-- Task data follows --

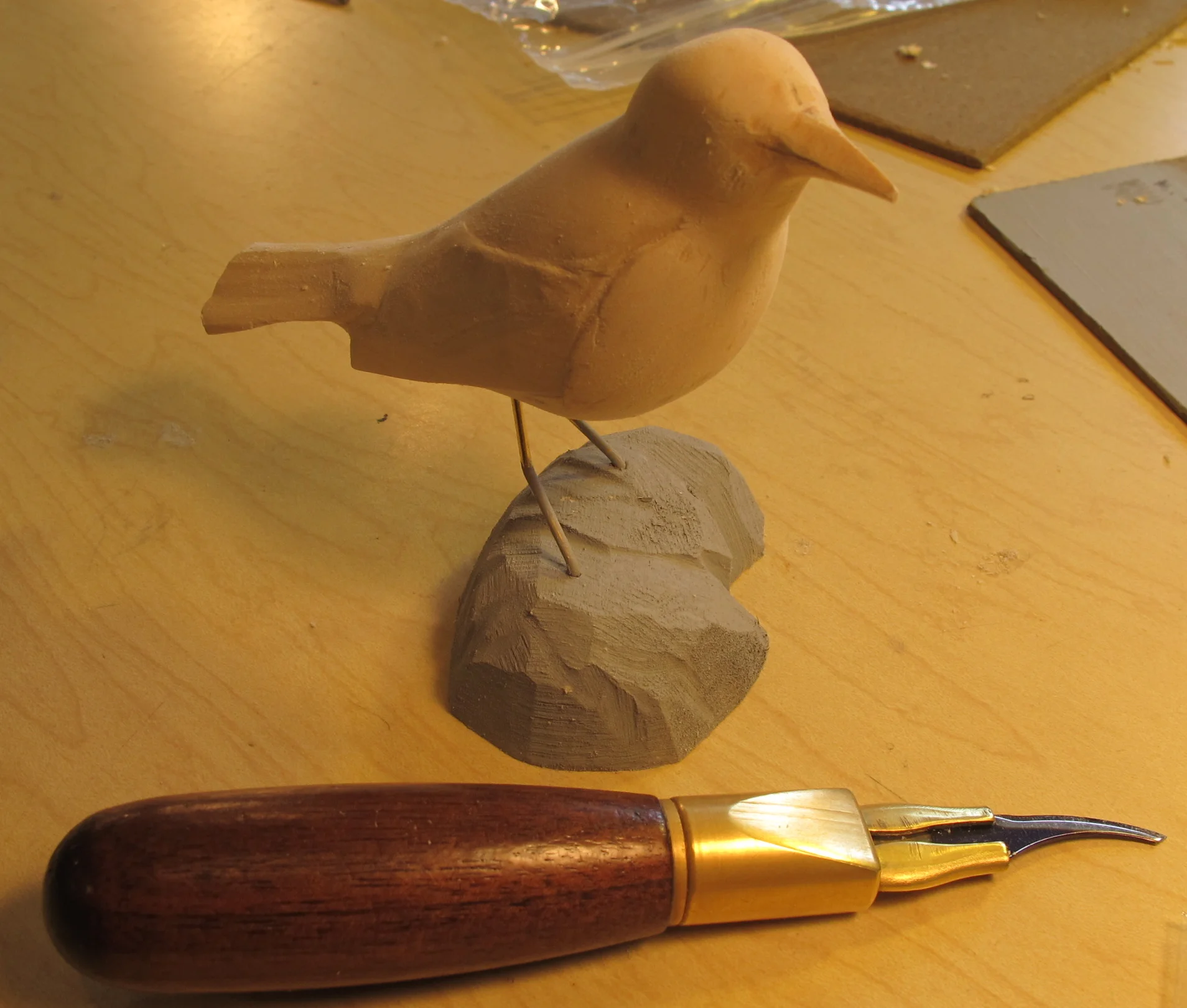 As an early Father's Day gift a couple of weeks ago I took my dad to master carver Steve Valleau's one-day bird-carving workshop at the Wendell Gilley Museum in Southwest Harbor, Maine. This is my day's effort—a black-throated blue warbler, minus the finishing touches and the paint. Carving is a great way to sharpen your eye as a naturalist because you have to define each detail with such precision. Without Steve's help, of course, my bird would have been far more, uh, abstract looking.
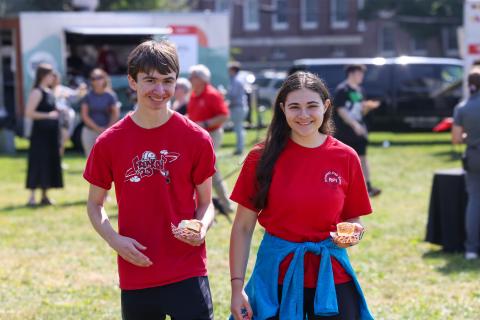 Two students walking in red shirts at RPI carnival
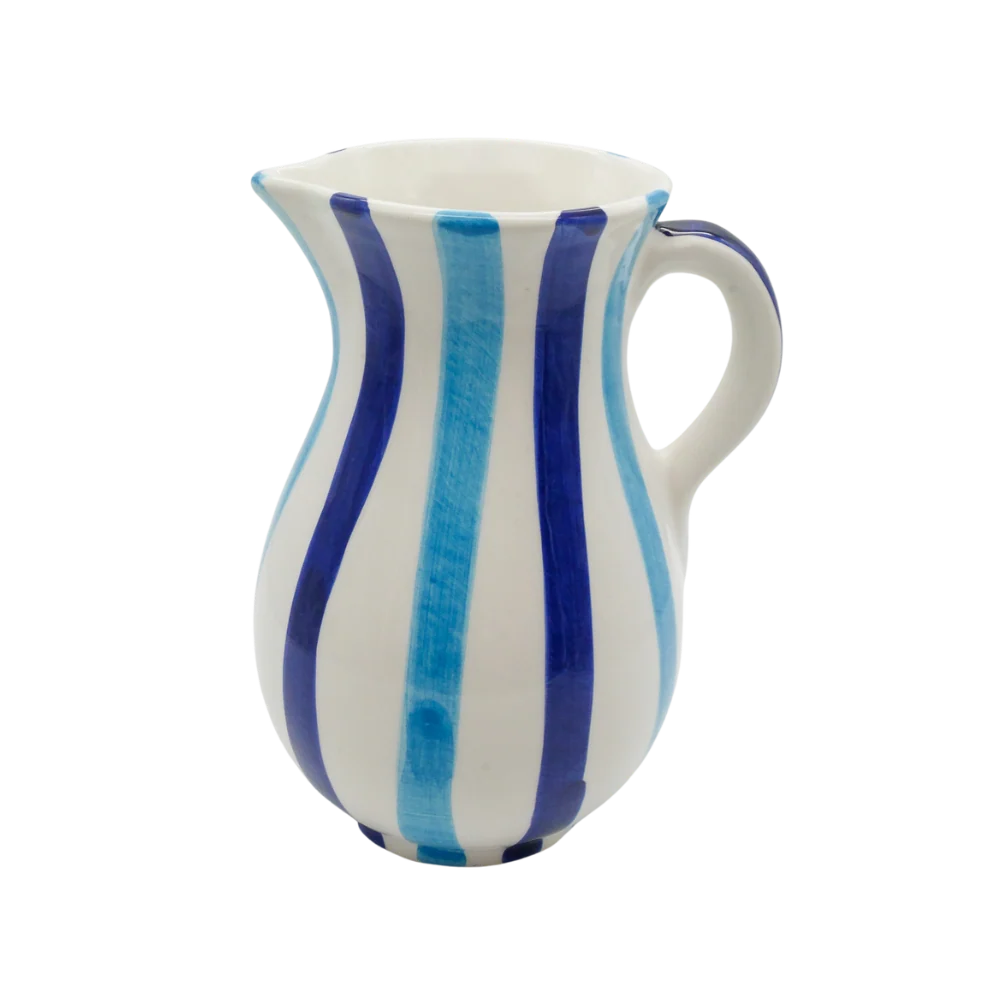 A white ceramic pitcher with vertical hand-painted stripes in shades of blue, including navy and light blue, shown on a plain white background.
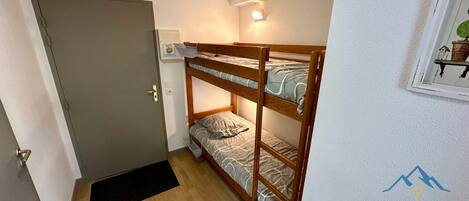 Ein Zimmer mit einem Etagenbett, einer Tür, einer Wandleuchte und einem kleinen Fenster mit einer Pflanze.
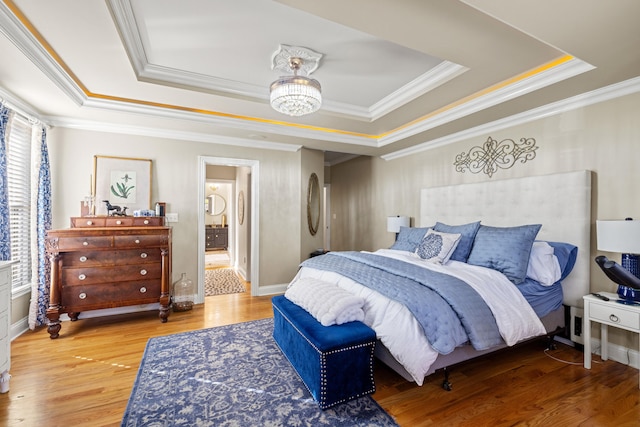 bedroom with ornamental molding, hardwood / wood-style floors, a chandelier, and a tray ceiling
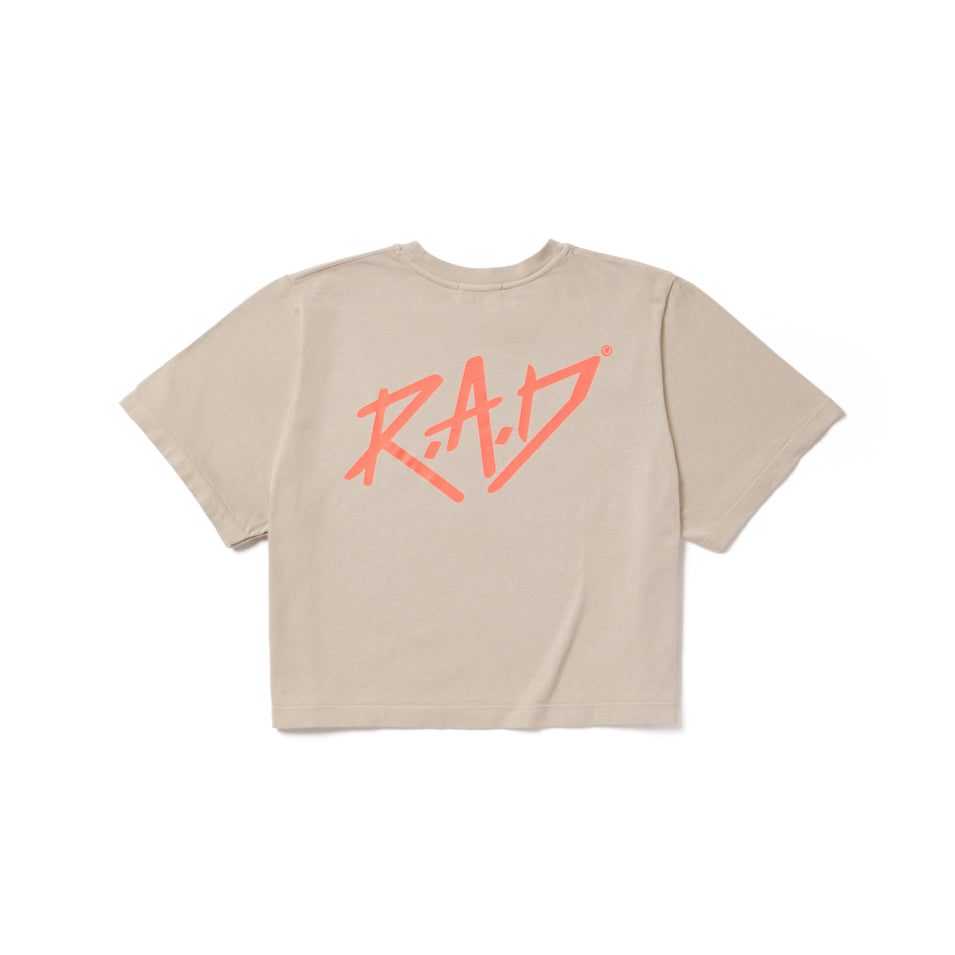 Beige crop top with pink ’RAD’ graphic.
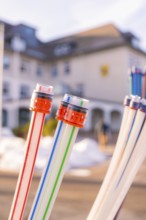 Colourful cables with coloured connectors in front of a blurred building, fibre-optic
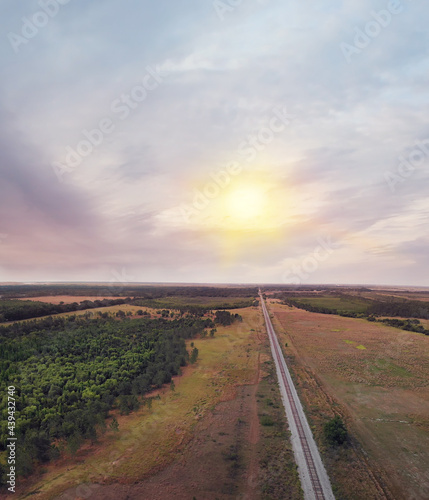 Railroad in a rural Florida area. Aerial landscape.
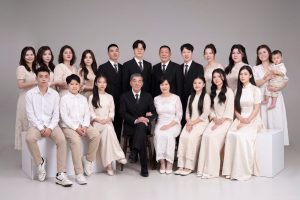 Ảnh chụp gia đình nhiều thế hệ với trang phục tông màu trắng và kem thanh lịch trong studio.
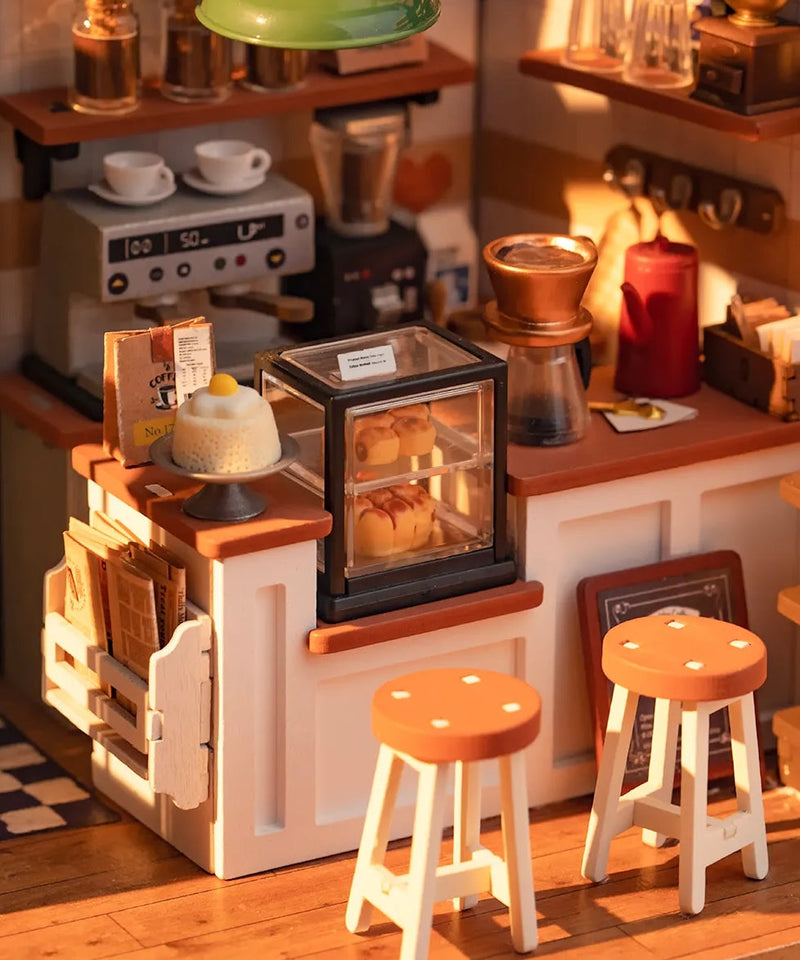 Miniature cafe dollhouse with coffee machine, display case, stools and warm lighting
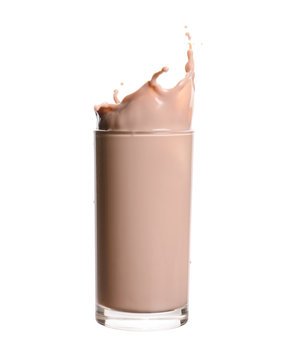 Splash of chocolate milk from the glass on isolated white background.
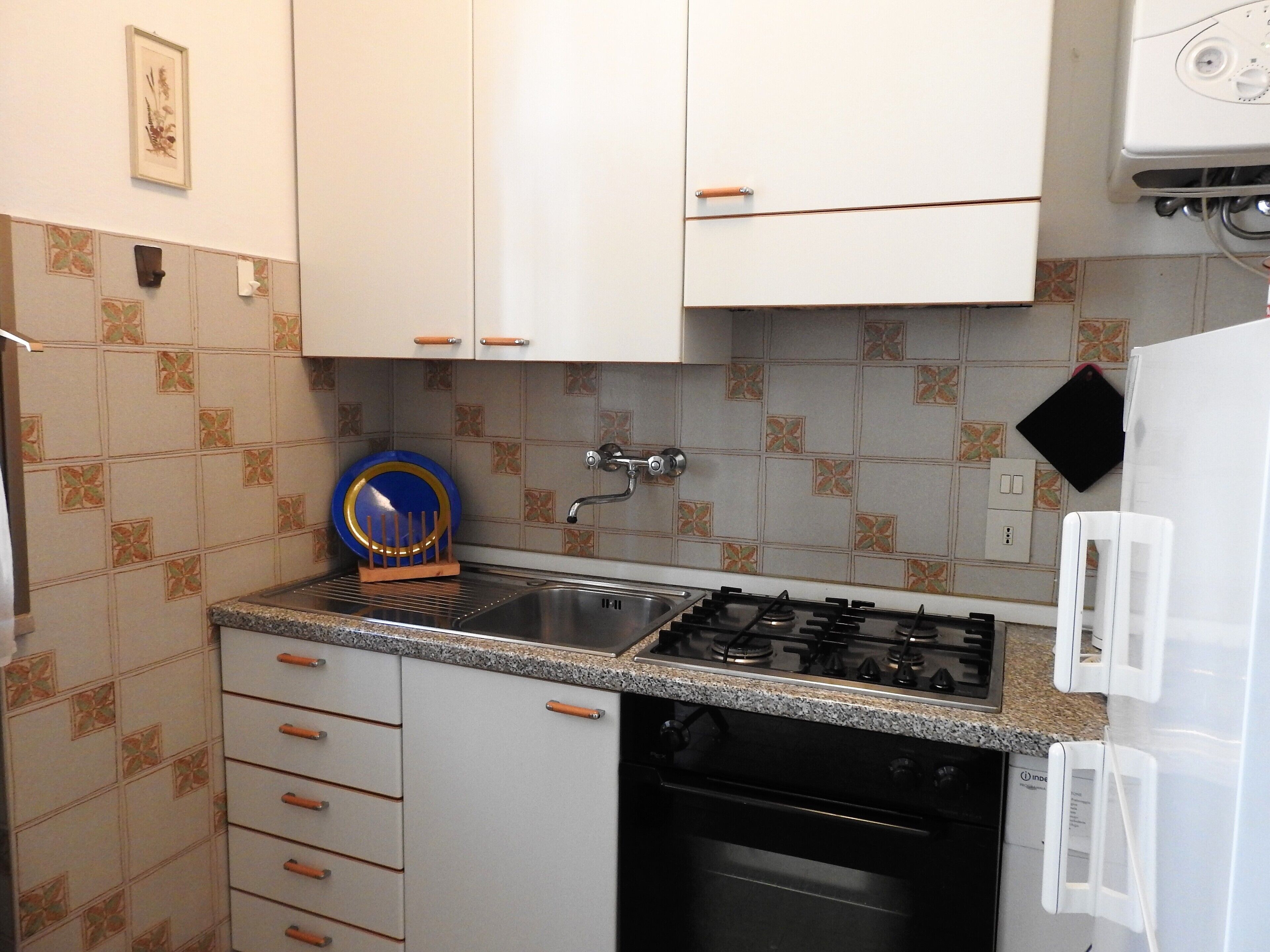 Walk to the beach! 5 bed apartment, ground floor with parking space.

-- Task data concluded --

- **Task description**: The required output consists only of the lines from the one containing "Miniature cafe dollhouse" to the last line of the material, reproduced exactly, pictures excluded.

- **Expected answer**:
 Miniature cafe dollhouse with coffee machine, display case, stools and warm lighting
 Splash of chocolate milk from the glass on isolated white background.
 Walk to the beach! 5 bed apartment, ground floor with parking space.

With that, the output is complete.